Most turning from sitting positions involves upper body movement -- arms and shoulders with associated backmovements.   None of the "lathe dance" advertised by most of the more abled turners.  

I have developed a strong opinion that "carbide is for cripples" and certainly put myself into the "crippled" in some aspects category.  The cup style tools such as sold by Hunter Tools are very good for control and finish work, the Pen Pro for rough work.



I am also developing a very strong preference for interchangable handles with the Kelton Collet Handles having a strong lead.   Easy to change tools, and change the length of extension depending on the situation.   Sharpening with the tool out of the handle is much easier.


It is good to hear that I am not the only one sitting down at the lathe -- and mine is a big lathe.   

Be sure to sit out of the line of fire ----  I cannot dodge near as fast from a stool.


----------



## kovalcik (Jun 14, 2011)

I wanted to second what Sharon said about the rubber mats.  My father was unable to stand at his workbenches for very long and was getting very frustrated.
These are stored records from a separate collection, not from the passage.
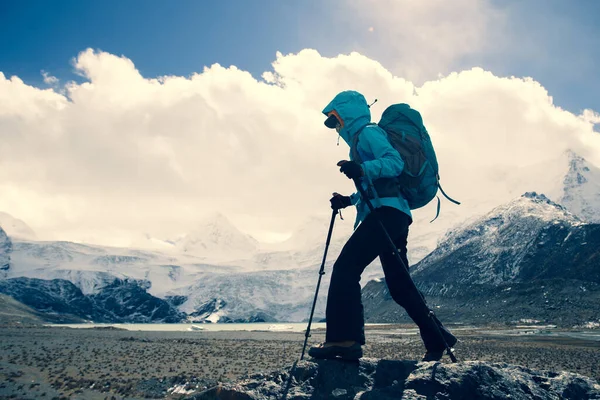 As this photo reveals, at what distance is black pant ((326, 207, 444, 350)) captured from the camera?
16.8ft

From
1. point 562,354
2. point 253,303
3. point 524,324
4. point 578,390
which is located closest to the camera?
point 578,390

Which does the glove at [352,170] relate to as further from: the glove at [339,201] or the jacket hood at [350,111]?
the jacket hood at [350,111]

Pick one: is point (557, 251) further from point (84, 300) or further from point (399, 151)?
point (84, 300)

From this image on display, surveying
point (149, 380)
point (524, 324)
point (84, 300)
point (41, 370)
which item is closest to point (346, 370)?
point (149, 380)

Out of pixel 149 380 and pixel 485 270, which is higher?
pixel 485 270

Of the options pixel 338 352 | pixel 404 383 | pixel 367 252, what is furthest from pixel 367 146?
pixel 404 383

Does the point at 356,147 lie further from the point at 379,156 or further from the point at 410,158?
the point at 410,158

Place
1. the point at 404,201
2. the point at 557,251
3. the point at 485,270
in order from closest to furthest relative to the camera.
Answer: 1. the point at 404,201
2. the point at 557,251
3. the point at 485,270

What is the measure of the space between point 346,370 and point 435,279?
129 m

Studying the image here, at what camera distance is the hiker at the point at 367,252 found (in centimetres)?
507

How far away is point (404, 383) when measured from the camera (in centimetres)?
444

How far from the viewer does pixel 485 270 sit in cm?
12006

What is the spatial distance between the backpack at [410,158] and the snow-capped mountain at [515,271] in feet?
267

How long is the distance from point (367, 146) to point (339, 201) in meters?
0.75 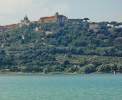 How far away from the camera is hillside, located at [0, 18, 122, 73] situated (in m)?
126

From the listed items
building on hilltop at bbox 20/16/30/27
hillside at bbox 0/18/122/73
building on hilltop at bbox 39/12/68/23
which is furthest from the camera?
building on hilltop at bbox 39/12/68/23

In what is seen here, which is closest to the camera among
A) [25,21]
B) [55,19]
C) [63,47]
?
[63,47]

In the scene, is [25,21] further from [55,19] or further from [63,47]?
[63,47]

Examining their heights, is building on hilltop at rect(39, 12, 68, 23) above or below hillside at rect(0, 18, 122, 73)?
above

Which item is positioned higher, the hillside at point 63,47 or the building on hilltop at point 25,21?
the building on hilltop at point 25,21

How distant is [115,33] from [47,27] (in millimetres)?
18877

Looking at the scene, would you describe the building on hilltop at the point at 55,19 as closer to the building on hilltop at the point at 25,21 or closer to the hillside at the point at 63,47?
the hillside at the point at 63,47

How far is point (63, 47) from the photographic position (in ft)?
466

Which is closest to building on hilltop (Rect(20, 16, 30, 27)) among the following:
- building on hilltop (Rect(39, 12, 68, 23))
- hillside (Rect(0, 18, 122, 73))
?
hillside (Rect(0, 18, 122, 73))

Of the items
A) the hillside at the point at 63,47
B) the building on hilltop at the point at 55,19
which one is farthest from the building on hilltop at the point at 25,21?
the building on hilltop at the point at 55,19

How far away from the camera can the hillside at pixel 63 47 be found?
125938 mm

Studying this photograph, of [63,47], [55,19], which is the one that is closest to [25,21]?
[55,19]

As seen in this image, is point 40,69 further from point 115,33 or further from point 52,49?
point 115,33

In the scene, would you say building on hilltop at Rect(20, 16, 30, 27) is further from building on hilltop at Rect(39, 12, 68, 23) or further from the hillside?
building on hilltop at Rect(39, 12, 68, 23) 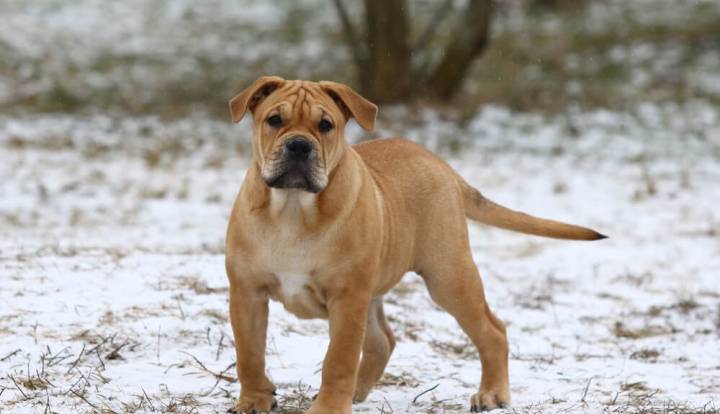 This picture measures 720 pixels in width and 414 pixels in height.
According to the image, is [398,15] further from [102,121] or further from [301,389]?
[301,389]

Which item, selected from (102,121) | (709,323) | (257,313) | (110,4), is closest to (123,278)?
(257,313)

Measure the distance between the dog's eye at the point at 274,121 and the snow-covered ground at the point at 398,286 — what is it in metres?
1.32

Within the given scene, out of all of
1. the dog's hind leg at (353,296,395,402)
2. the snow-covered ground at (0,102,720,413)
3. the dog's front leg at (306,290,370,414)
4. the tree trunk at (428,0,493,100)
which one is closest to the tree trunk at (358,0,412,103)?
the tree trunk at (428,0,493,100)

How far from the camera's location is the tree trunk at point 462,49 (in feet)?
52.2

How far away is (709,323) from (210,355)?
362 centimetres

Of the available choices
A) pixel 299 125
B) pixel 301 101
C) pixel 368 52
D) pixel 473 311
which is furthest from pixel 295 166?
pixel 368 52

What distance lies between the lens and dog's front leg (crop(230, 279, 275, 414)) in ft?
14.8

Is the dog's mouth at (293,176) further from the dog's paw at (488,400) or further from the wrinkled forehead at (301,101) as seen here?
the dog's paw at (488,400)

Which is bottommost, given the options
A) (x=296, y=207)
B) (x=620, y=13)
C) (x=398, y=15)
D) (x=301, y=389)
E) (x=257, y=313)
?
(x=301, y=389)

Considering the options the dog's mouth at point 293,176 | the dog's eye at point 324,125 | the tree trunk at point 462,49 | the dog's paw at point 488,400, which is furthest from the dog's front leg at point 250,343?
the tree trunk at point 462,49

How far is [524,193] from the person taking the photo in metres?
12.1

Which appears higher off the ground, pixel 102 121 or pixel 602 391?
pixel 102 121

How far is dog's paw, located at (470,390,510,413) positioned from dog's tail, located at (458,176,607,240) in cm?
89

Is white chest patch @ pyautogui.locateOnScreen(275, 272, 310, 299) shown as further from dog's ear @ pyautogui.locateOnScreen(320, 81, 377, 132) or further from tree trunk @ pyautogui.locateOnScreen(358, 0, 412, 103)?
tree trunk @ pyautogui.locateOnScreen(358, 0, 412, 103) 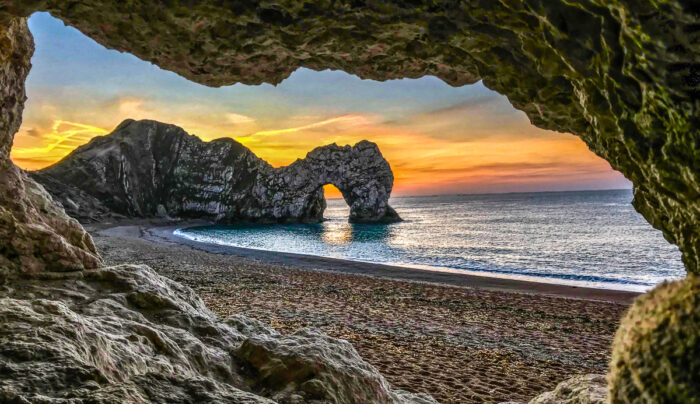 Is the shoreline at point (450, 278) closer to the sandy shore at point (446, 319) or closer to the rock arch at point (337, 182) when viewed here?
the sandy shore at point (446, 319)

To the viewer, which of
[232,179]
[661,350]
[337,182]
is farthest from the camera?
[232,179]

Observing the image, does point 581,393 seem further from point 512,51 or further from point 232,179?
point 232,179

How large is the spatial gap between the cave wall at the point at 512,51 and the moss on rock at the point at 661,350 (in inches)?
35.1

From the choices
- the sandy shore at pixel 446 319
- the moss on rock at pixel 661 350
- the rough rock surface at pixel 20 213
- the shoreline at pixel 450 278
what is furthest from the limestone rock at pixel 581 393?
the shoreline at pixel 450 278

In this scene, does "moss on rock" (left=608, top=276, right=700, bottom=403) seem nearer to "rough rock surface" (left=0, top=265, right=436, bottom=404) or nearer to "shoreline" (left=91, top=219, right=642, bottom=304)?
"rough rock surface" (left=0, top=265, right=436, bottom=404)

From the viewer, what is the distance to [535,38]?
324 centimetres

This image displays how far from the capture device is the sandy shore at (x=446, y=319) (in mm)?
7114

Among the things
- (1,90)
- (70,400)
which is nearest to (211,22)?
(1,90)

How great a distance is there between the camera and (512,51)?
388 cm

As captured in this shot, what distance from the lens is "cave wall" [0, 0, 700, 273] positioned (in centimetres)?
208

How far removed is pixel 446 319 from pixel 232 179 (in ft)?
247

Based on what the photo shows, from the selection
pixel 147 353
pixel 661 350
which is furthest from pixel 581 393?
pixel 147 353

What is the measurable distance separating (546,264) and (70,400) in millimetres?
31121

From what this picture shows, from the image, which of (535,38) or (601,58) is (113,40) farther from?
(601,58)
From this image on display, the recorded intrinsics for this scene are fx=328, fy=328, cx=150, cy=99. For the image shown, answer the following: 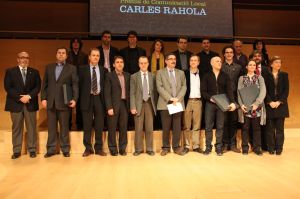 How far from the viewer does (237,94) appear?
4.54 meters

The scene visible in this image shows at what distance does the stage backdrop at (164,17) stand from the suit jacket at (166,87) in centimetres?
163

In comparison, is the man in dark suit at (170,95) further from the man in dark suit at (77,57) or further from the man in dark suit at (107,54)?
the man in dark suit at (77,57)

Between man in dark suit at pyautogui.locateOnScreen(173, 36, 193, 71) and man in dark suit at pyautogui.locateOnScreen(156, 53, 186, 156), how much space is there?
40 centimetres

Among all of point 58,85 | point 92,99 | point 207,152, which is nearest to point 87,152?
point 92,99

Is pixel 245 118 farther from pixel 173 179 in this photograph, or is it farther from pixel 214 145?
pixel 173 179

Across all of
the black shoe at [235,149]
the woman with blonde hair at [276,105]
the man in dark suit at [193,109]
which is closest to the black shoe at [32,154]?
the man in dark suit at [193,109]

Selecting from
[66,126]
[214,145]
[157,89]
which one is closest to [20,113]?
[66,126]

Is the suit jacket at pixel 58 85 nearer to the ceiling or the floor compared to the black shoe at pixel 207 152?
nearer to the ceiling

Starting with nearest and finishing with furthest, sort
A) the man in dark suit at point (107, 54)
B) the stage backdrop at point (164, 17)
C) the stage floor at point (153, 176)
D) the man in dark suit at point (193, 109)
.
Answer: the stage floor at point (153, 176) < the man in dark suit at point (193, 109) < the man in dark suit at point (107, 54) < the stage backdrop at point (164, 17)

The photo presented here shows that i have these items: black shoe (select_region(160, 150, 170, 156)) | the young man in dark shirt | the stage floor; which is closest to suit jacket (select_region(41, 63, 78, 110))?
the stage floor

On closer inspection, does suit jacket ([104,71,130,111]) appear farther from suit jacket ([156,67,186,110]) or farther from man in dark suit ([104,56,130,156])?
suit jacket ([156,67,186,110])

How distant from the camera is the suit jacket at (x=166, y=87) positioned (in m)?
4.39

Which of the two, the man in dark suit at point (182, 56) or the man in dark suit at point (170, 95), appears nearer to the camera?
the man in dark suit at point (170, 95)

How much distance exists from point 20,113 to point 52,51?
2.05 meters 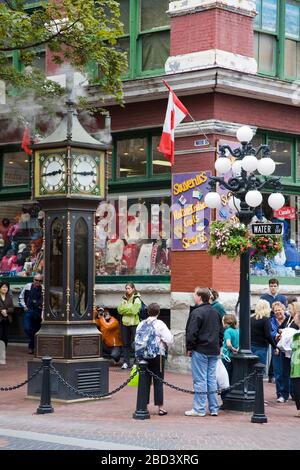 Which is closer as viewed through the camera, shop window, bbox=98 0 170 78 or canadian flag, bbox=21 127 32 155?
shop window, bbox=98 0 170 78

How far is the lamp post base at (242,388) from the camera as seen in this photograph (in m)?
13.8

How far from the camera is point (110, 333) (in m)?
19.4

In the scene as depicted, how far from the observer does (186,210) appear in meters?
19.4

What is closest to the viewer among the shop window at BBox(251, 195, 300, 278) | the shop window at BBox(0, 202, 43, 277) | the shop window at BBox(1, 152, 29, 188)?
the shop window at BBox(251, 195, 300, 278)

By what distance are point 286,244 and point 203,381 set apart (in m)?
7.96

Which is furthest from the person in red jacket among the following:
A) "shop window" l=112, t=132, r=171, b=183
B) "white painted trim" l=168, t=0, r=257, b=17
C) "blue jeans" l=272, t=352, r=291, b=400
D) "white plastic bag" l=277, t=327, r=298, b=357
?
"white painted trim" l=168, t=0, r=257, b=17

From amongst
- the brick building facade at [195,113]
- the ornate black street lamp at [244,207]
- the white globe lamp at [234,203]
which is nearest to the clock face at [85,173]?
the ornate black street lamp at [244,207]

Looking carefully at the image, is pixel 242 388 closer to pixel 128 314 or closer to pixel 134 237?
pixel 128 314

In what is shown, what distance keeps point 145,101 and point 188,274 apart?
13.3 feet

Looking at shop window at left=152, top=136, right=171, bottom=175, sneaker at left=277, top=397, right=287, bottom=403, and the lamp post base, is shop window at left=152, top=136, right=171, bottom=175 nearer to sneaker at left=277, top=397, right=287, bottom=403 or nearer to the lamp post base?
sneaker at left=277, top=397, right=287, bottom=403

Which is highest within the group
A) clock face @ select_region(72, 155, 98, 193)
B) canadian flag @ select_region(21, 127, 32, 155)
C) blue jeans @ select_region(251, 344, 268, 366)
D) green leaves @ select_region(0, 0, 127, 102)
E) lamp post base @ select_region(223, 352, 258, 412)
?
green leaves @ select_region(0, 0, 127, 102)

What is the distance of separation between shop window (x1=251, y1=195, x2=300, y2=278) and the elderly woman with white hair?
457 centimetres

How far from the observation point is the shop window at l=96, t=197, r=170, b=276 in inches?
794

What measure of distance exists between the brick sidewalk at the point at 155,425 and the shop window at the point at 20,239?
6.87 m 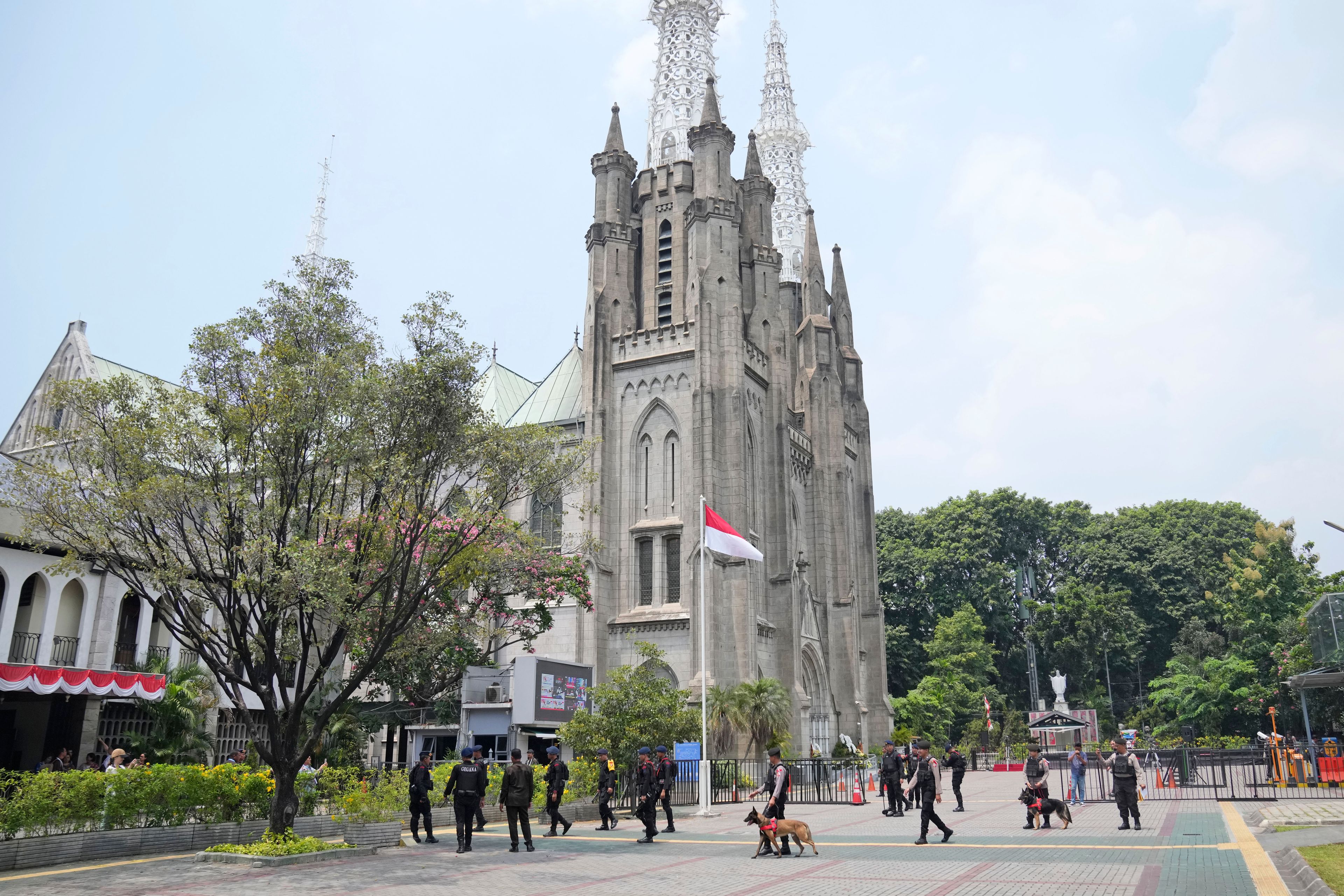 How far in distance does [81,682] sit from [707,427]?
922 inches

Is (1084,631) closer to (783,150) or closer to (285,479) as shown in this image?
(783,150)

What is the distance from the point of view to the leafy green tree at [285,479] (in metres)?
15.9

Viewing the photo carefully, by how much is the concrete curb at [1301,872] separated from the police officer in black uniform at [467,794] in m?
11.5

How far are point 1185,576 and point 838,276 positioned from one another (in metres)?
34.9

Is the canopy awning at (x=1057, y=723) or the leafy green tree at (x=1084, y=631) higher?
the leafy green tree at (x=1084, y=631)

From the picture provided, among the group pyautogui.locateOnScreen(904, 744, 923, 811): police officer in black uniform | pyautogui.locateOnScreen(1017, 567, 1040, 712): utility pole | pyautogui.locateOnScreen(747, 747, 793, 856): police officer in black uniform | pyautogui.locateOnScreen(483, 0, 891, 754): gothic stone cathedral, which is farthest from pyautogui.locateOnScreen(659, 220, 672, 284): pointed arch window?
pyautogui.locateOnScreen(1017, 567, 1040, 712): utility pole

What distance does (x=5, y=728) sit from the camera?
87.5ft

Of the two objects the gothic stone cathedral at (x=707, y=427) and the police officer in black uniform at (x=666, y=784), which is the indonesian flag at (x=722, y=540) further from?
the police officer in black uniform at (x=666, y=784)

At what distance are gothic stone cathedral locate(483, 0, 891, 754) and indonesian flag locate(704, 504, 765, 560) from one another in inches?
302

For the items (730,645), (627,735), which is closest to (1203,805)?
(627,735)

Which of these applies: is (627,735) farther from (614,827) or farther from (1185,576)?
(1185,576)

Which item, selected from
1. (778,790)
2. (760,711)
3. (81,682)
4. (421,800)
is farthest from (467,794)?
(760,711)

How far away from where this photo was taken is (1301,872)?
1131 centimetres

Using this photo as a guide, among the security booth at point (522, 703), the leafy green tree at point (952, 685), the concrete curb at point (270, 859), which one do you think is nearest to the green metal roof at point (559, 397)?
the security booth at point (522, 703) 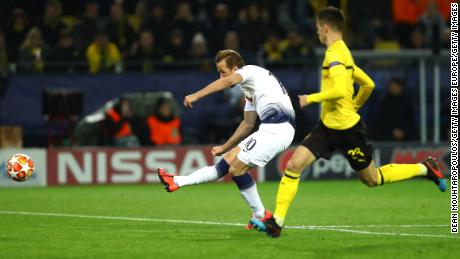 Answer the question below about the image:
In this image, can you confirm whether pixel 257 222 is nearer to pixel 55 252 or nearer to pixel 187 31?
pixel 55 252

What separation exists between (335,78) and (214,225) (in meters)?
2.63

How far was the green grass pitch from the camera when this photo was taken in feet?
29.9

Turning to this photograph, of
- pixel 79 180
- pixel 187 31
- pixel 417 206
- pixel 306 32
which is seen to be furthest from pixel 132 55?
pixel 417 206

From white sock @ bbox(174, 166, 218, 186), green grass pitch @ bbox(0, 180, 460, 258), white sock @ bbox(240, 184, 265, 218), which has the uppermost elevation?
white sock @ bbox(174, 166, 218, 186)

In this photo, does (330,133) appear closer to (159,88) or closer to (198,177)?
(198,177)

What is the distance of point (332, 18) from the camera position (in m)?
9.88

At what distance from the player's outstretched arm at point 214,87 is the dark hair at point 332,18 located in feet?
3.33

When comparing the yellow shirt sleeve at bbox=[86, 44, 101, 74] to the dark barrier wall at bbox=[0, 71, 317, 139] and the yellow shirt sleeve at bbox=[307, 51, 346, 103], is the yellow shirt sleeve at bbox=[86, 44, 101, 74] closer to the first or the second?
the dark barrier wall at bbox=[0, 71, 317, 139]

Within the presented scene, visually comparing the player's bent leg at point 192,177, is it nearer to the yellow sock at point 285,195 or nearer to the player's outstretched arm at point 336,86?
the yellow sock at point 285,195

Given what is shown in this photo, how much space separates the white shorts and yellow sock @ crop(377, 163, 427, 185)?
3.34 ft

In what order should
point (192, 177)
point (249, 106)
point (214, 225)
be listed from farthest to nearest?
point (214, 225), point (249, 106), point (192, 177)

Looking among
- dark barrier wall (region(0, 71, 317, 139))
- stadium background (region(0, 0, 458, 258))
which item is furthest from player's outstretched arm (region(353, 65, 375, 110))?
dark barrier wall (region(0, 71, 317, 139))

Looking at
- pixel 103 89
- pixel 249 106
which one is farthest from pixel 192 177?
pixel 103 89

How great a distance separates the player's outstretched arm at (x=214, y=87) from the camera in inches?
385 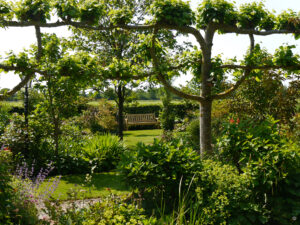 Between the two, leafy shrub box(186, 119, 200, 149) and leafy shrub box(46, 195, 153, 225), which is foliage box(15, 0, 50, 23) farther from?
leafy shrub box(186, 119, 200, 149)

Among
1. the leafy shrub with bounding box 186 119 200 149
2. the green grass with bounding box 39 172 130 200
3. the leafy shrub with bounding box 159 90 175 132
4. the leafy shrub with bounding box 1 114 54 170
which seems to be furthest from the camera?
the leafy shrub with bounding box 159 90 175 132

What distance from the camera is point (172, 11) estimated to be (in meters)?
6.18

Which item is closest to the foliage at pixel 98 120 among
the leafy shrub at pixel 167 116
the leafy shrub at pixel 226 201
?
the leafy shrub at pixel 167 116

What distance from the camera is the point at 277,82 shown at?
7.88 meters

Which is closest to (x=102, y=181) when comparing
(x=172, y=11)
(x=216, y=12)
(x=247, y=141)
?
(x=247, y=141)

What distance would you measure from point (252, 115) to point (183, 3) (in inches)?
146

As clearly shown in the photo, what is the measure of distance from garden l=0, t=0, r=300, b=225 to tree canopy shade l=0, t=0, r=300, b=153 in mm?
23

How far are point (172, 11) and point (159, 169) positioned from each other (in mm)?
3452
I ordered some of the mats from woodcraft and had them delivered and it made an incredible difference in the time he could work.   He is not a lathe guy, he is a balsa wood plane modeler, but I imagine the effect would be the same.


----------



## Mike Kenney (Jun 14, 2011)

Thank you all for the responses I was just looking for feedback to see if it was safe and how many people are doing it


----------



## rherrell (Jun 15, 2011)

I'm disabled and need crutches so I sit at this chair and work. I have to stand when I make a baseball bat but I sit for the short stuff.


----------